Harga daging sapi tak kunjung turun meski permintaan tak sebesar Lebaran lalu.

oleh Fiki Ariyanti diperbarui 21 Agu 2016, 19:24 WIB
Diterbitkan 21 Agu 2016, 19:24 WIB
20160125-Harga Daging Sapi di Jakarta Melonjak Hingga Rp 130 Ribu/Kg-Jakarta
Pedagang memotong daging sapi di Pasar Senen, Jakarta, Senin (25/1). Peraturan Pemerintah yang membebankan pajak 10% untuk setiap penjualan sapi impor berdampak pada naiknya harga daging sapi di sejumlah pasar tradisional. (Liputan6.com/Immanuel Antonius)
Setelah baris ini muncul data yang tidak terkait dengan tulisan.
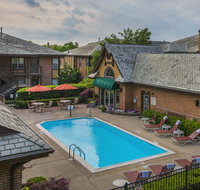 Cloverleaf Suites Columbus - Dublin - Accommodation Ohio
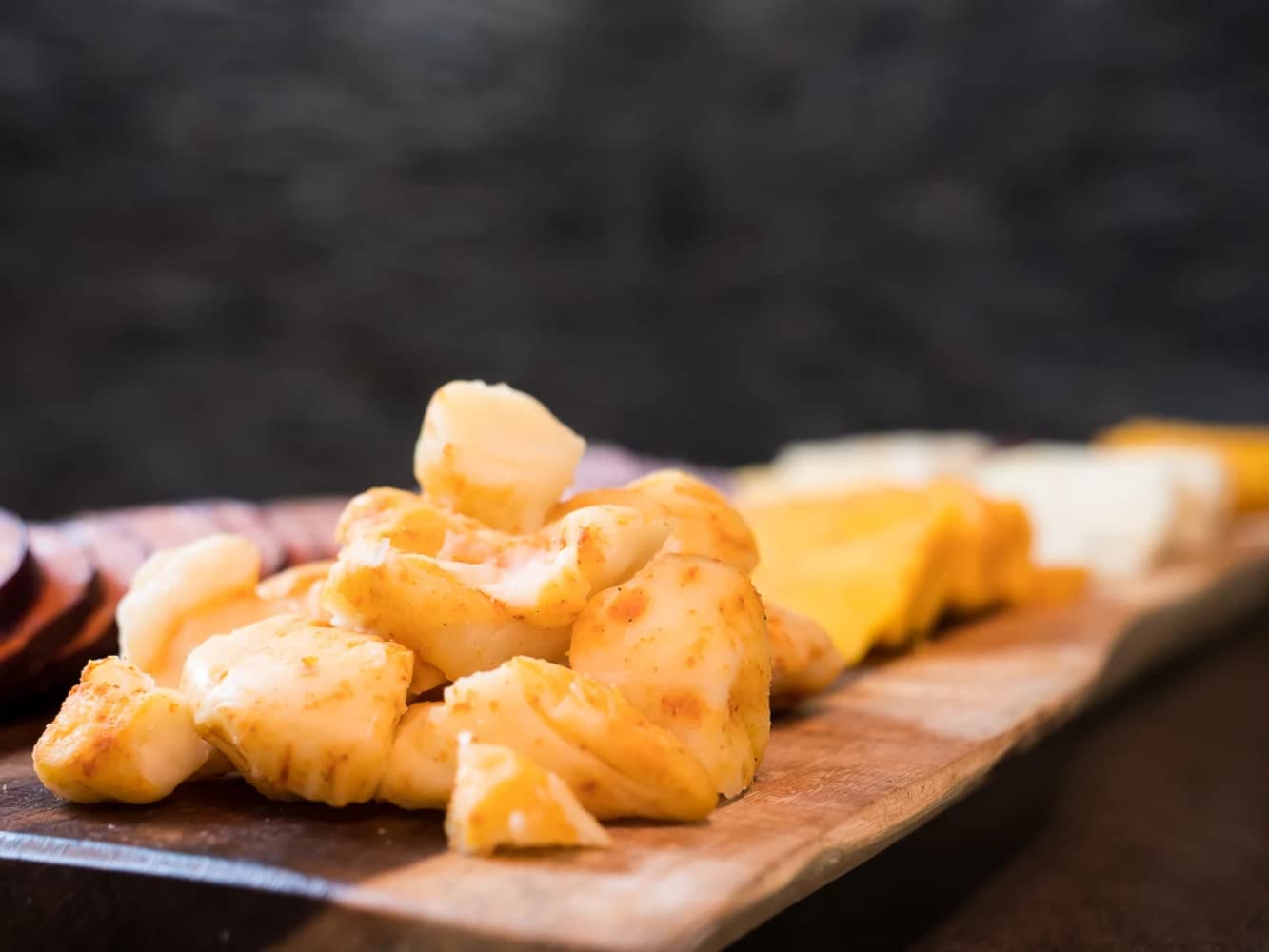 Pepper Joe’s Ghost Pepper Cheese Curds – Spicy Wisconsin Cheese Snacks with Hot Ghost Chile – 10oz Bag – Perfect for Game Day, Parties & Spicy Food Lovers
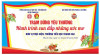 Chuyên đề: Trạm dừng yêu thương - Hành trình vun đắp những ước mơ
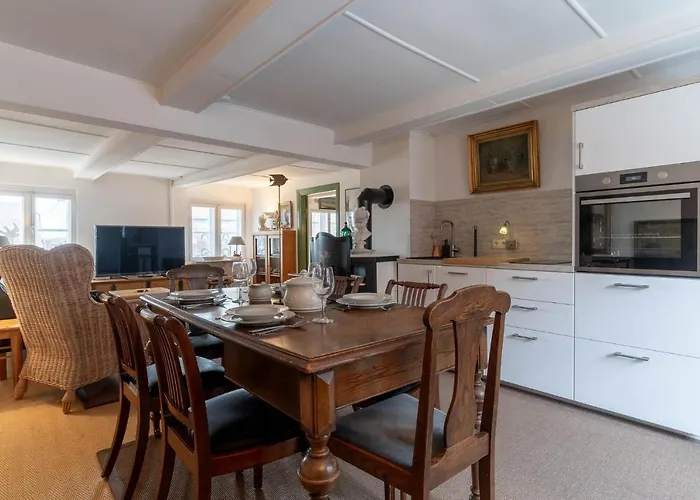 Hafenpeerle Apartamento Tönning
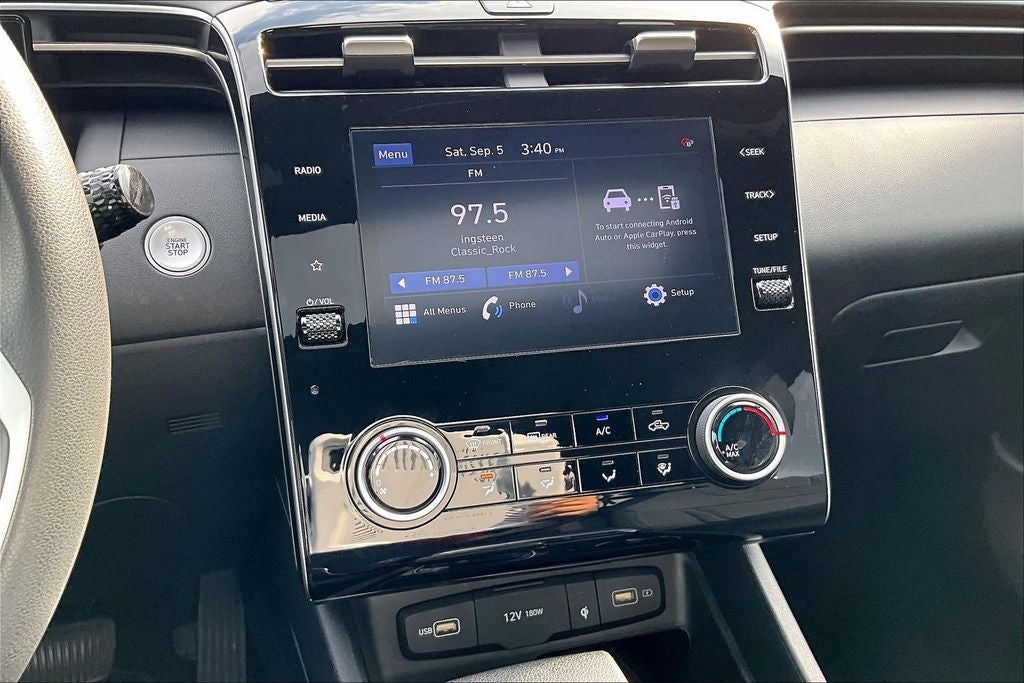 2022 Hyundai Santa Cruz SEL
Liputan6.com, Jakarta - Ikatan Pedagang Pasar Indonesia (IKAPPI) menyebut ada anomali pada harga daging sapi sehingga tak kunjung turun meski permintaan tak sebesar Lebaran lalu. Saat ini, rata-rata harga daging sapi sebesar Rp 120 ribu per Kilogram (Kg).
 
Ketua Umum DPP IKAPPI, Abdullah Mansuri mengungkapkan, daging sapi masih dijual seharga Rp 120 ribu per Kg walaupun Hari Raya Idul Fitri sudah lewat dua bulan. Sementara harga daging kambing dijual Rp 115 ribu-Rp 120 ribu per Kg.
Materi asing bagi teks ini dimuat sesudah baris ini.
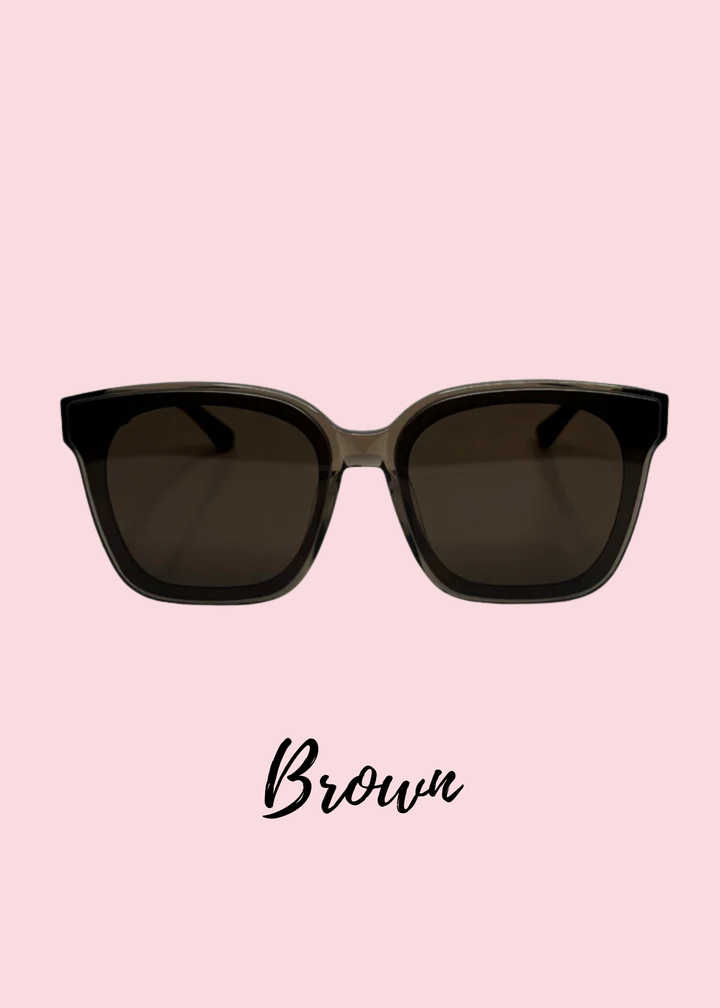 Makeup Junkie Bags - The Meredith Sunglasses [Pre-Order]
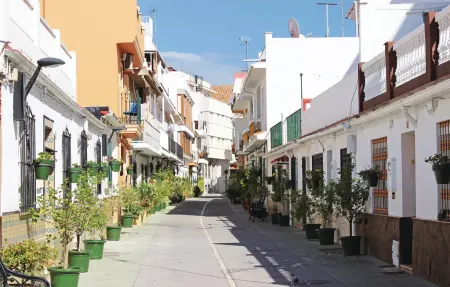 Appartement 6 personnes à La Cala de Mijas - Photo 37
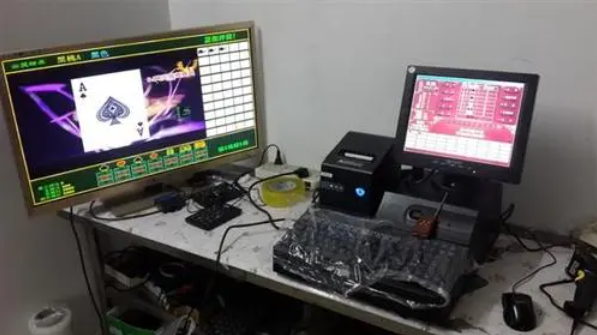 赌博草花机的玄机(玩草花机赢了一百多万)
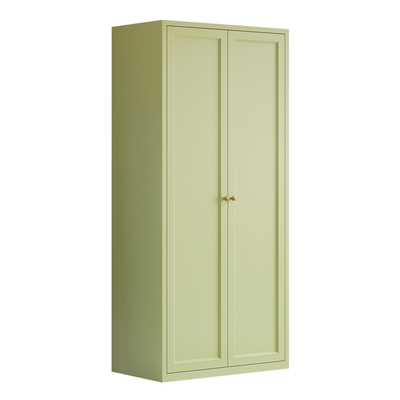 钢制衣柜小户型挂衣柜收纳柜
"Harga daging sapi memang susah ditekan di angka Rp 100 ribu karena ada anomali," kata dia saat dihubungi Liputan6.com, Jakarta, Minggu (21/8/2016).

Mansuri menjelaskan, kondisi tahun ini berbeda dengan tahun-tahun sebelumnya. Di mana usai Lebaran Idul Fitri, permintaan terhadap daging sapi menurun, sehingga ikut menyeret ke bawah harga komoditas ini.

Akan tetapi kini pedagang sulit memprediksi harga daging sapi, padahal tidak ada penahanan atau penimbunan barang sampai ke tangan pedagang eceran.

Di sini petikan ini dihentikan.